**** DATA EXCERPTS

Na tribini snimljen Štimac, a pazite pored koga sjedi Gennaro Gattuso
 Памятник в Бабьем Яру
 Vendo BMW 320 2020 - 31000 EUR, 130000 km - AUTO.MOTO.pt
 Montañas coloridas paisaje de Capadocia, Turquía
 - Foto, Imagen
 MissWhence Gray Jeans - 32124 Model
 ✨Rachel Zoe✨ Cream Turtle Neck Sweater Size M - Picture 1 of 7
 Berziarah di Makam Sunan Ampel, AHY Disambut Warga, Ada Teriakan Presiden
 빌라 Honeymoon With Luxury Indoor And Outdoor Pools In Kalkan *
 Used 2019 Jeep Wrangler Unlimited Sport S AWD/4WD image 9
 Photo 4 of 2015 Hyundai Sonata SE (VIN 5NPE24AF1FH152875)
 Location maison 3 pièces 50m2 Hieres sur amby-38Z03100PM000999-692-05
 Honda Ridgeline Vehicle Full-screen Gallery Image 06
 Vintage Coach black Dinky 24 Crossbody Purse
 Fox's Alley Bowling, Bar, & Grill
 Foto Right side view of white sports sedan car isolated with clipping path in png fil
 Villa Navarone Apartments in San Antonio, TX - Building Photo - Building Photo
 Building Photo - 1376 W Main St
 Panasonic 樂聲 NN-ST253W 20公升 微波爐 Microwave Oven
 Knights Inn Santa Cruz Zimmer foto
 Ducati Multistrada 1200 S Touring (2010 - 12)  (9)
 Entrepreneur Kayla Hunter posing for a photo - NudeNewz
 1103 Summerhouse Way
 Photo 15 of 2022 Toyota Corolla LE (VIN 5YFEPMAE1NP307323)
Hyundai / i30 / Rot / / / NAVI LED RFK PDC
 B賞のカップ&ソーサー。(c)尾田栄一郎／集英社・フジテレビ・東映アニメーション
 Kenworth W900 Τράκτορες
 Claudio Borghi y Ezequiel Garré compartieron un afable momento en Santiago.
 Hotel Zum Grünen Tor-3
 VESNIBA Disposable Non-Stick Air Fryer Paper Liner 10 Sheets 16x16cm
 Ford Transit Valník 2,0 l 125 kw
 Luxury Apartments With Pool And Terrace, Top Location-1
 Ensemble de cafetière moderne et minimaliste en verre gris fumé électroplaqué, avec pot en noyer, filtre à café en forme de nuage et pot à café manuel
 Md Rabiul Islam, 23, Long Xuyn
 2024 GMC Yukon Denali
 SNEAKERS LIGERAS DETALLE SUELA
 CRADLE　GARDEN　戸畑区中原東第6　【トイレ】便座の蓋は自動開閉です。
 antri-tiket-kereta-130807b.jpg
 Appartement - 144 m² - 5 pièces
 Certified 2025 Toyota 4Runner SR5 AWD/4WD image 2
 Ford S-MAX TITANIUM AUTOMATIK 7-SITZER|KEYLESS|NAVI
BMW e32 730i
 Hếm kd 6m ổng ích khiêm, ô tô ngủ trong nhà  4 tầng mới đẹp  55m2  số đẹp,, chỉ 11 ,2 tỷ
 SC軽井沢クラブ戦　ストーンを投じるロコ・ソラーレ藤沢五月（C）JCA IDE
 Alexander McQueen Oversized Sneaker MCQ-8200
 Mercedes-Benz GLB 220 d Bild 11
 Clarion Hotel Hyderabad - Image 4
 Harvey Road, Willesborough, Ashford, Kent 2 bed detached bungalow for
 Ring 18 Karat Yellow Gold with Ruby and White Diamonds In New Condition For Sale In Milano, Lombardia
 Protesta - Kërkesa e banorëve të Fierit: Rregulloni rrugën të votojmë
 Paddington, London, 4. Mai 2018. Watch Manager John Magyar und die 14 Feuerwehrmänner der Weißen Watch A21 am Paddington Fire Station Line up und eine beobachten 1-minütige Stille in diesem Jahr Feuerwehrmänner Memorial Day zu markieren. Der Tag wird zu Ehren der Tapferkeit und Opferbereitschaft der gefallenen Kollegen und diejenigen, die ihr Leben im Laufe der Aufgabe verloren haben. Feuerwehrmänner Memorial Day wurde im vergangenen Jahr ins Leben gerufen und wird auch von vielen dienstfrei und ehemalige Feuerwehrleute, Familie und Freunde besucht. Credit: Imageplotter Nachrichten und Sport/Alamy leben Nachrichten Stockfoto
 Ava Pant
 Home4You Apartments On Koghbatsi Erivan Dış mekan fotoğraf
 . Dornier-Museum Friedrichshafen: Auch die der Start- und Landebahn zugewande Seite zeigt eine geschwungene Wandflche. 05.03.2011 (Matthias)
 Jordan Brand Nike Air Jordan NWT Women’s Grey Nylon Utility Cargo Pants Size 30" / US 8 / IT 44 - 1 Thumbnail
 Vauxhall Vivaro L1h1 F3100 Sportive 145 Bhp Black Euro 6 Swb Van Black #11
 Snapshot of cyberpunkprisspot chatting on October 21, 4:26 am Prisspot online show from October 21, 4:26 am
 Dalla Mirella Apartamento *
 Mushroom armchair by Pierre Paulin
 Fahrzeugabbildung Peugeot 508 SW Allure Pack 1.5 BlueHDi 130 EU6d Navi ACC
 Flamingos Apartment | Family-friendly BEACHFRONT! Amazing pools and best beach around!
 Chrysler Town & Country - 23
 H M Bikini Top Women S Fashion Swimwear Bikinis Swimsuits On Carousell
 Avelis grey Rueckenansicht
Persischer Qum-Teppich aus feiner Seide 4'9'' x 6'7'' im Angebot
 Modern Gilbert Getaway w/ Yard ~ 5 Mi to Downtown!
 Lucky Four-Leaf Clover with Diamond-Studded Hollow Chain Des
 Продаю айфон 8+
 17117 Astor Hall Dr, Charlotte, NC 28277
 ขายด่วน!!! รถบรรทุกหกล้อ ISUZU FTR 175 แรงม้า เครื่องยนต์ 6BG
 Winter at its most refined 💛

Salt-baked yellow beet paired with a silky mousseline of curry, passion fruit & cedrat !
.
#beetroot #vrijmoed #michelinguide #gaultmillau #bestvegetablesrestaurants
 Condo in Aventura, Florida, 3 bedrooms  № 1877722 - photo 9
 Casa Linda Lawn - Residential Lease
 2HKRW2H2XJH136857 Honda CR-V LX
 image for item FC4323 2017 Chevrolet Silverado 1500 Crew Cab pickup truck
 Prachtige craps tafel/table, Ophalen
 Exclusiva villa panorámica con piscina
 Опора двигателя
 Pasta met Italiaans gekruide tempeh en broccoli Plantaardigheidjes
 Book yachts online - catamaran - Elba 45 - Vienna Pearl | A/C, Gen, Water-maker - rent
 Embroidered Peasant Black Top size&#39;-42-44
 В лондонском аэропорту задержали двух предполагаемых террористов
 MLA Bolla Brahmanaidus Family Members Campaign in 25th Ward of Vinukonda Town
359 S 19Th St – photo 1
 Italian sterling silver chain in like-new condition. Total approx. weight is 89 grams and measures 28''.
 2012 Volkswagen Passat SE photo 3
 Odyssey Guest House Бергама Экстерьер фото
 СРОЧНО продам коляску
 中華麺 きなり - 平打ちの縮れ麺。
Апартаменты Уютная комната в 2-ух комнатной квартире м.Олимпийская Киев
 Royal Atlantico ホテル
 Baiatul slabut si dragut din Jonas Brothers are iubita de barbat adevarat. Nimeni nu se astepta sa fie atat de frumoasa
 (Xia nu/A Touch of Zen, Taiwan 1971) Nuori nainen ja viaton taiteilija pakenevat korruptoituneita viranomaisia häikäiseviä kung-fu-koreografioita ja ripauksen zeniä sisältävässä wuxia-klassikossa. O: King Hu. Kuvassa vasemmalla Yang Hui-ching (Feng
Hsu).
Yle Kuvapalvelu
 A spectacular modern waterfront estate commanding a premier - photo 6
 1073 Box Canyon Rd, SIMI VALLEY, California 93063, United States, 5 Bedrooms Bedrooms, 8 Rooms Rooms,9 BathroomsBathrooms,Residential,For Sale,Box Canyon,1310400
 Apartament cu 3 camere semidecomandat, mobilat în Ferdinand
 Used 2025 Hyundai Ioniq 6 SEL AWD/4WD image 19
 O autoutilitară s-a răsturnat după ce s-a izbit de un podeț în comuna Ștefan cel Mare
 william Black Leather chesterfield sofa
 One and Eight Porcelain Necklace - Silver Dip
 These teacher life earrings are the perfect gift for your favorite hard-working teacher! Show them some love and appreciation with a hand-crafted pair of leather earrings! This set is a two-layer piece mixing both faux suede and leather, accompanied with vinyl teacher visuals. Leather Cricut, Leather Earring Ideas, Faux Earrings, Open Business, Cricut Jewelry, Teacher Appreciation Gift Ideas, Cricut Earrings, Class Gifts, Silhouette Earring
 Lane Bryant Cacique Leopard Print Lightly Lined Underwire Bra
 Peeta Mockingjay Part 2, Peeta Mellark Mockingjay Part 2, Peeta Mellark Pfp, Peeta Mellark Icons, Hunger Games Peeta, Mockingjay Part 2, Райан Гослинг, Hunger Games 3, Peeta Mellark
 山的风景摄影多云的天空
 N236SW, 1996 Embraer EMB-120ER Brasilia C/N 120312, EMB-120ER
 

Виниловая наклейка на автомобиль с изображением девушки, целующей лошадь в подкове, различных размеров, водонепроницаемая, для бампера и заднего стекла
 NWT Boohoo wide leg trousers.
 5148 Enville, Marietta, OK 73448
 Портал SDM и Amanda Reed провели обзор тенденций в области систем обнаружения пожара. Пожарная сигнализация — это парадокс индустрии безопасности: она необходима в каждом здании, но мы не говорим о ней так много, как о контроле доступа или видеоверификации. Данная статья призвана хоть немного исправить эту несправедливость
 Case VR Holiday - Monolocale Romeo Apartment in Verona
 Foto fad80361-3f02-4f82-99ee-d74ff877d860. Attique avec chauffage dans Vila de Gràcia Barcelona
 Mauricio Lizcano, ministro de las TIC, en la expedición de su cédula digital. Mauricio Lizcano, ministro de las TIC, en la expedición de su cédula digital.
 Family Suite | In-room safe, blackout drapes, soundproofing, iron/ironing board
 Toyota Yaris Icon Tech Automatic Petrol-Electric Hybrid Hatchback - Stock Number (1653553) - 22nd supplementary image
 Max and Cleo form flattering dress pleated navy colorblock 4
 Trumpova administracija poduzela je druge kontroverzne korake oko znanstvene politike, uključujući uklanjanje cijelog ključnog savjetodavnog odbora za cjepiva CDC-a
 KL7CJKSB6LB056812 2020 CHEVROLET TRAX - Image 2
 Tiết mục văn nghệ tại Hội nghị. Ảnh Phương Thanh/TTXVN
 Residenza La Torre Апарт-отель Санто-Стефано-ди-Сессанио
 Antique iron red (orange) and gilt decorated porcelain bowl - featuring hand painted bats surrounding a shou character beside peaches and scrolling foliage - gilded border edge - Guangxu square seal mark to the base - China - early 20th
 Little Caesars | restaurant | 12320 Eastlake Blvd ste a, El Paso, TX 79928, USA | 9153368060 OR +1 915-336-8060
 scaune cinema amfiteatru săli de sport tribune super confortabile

********

From the entries above, write out only the lines starting at the line that holds "Опора двигателя" and ending at the line that holds "One and Eight", keeping both and matching them exactly.

 Опора двигателя
 Pasta met Italiaans gekruide tempeh en broccoli Plantaardigheidjes
 Book yachts online - catamaran - Elba 45 - Vienna Pearl | A/C, Gen, Water-maker - rent
 Embroidered Peasant Black Top size&#39;-42-44
 В лондонском аэропорту задержали двух предполагаемых террористов
 MLA Bolla Brahmanaidus Family Members Campaign in 25th Ward of Vinukonda Town
359 S 19Th St – photo 1
 Italian sterling silver chain in like-new condition. Total approx. weight is 89 grams and measures 28''.
 2012 Volkswagen Passat SE photo 3
 Odyssey Guest House Бергама Экстерьер фото
 СРОЧНО продам коляску
 中華麺 きなり - 平打ちの縮れ麺。
Апартаменты Уютная комната в 2-ух комнатной квартире м.Олимпийская Киев
 Royal Atlantico ホテル
 Baiatul slabut si dragut din Jonas Brothers are iubita de barbat adevarat. Nimeni nu se astepta sa fie atat de frumoasa
 (Xia nu/A Touch of Zen, Taiwan 1971) Nuori nainen ja viaton taiteilija pakenevat korruptoituneita viranomaisia häikäiseviä kung-fu-koreografioita ja ripauksen zeniä sisältävässä wuxia-klassikossa. O: King Hu. Kuvassa vasemmalla Yang Hui-ching (Feng
Hsu).
Yle Kuvapalvelu
 A spectacular modern waterfront estate commanding a premier - photo 6
 1073 Box Canyon Rd, SIMI VALLEY, California 93063, United States, 5 Bedrooms Bedrooms, 8 Rooms Rooms,9 BathroomsBathrooms,Residential,For Sale,Box Canyon,1310400
 Apartament cu 3 camere semidecomandat, mobilat în Ferdinand
 Used 2025 Hyundai Ioniq 6 SEL AWD/4WD image 19
 O autoutilitară s-a răsturnat după ce s-a izbit de un podeț în comuna Ștefan cel Mare
 william Black Leather chesterfield sofa
 One and Eight Porcelain Necklace - Silver Dip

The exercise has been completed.